WORK TO COMPLETE: Reproduce word for word the line holding "Kling Klong vs." and all lines after it in the data, through the end, leaving out pictures.

INFORMATION PROVIDED:
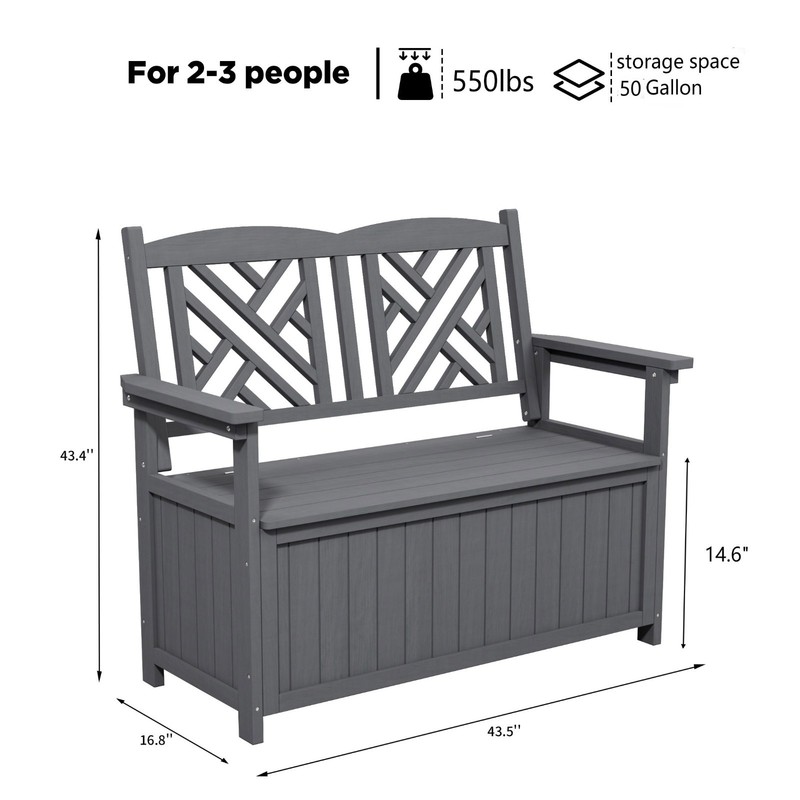 Outdoor Storage Deck Boxes with Backrest Armrest ,Waterproof Patio Storage Box gallery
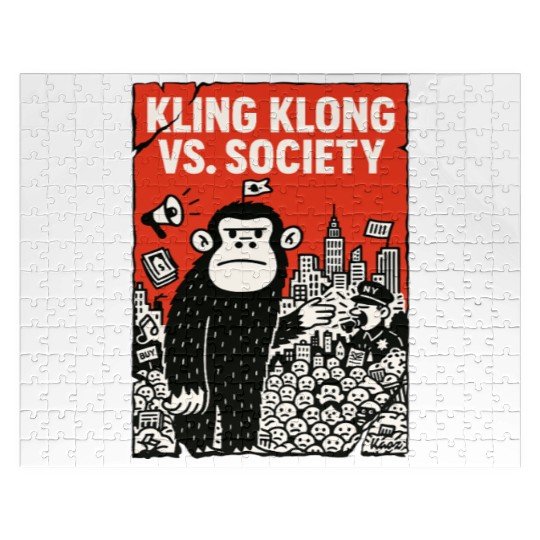 Kling Klong vs. Society – Protest Ape Jigsaw Puzzles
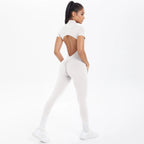 Short Sleeved Fitness Jumpsuit for Woman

RESULT FOR THIS TASK:
 Kling Klong vs. Society – Protest Ape Jigsaw Puzzles
 Short Sleeved Fitness Jumpsuit for Woman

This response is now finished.